EXERCISE INSTRUCTIONS: Below are some entries; reproduce them exactly and leave every picture out.

[INFORMATION SUPPLIED Boundary: Start]

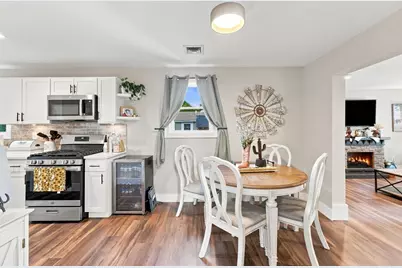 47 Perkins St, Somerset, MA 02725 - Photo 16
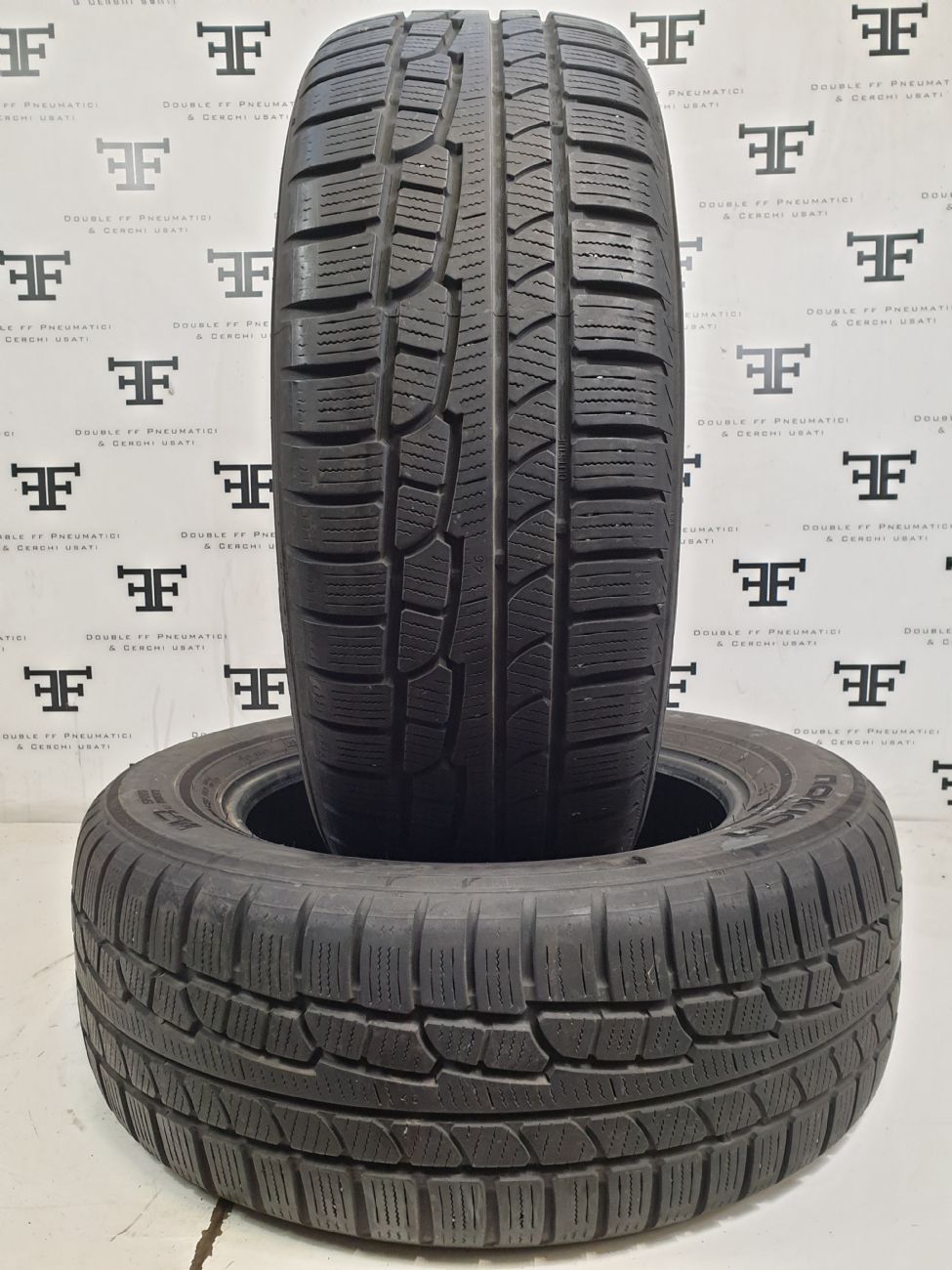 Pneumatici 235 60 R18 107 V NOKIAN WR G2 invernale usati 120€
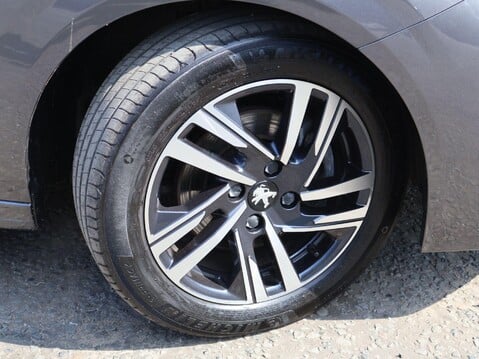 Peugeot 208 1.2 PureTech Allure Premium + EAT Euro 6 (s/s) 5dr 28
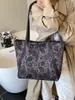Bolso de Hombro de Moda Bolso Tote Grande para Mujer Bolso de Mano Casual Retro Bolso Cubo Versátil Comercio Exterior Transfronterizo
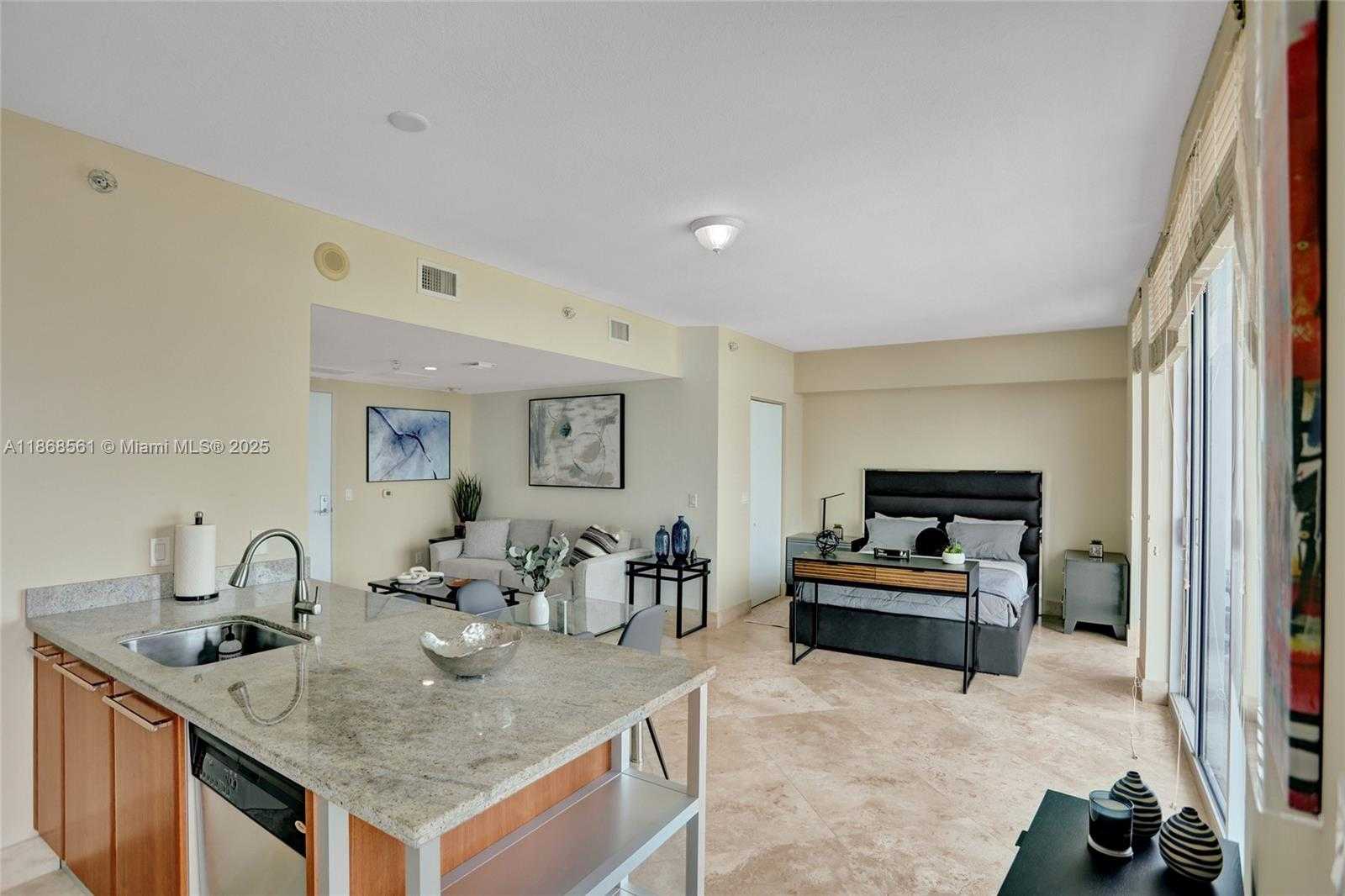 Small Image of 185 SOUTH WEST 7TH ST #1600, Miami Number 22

[INFORMATION SUPPLIED Boundary: End]

REPLY TO THE EXERCISE:
 47 Perkins St, Somerset, MA 02725 - Photo 16
 Pneumatici 235 60 R18 107 V NOKIAN WR G2 invernale usati 120€
 Peugeot 208 1.2 PureTech Allure Premium + EAT Euro 6 (s/s) 5dr 28
Bolso de Hombro de Moda Bolso Tote Grande para Mujer Bolso de Mano Casual Retro Bolso Cubo Versátil Comercio Exterior Transfronterizo
 Small Image of 185 SOUTH WEST 7TH ST #1600, Miami Number 22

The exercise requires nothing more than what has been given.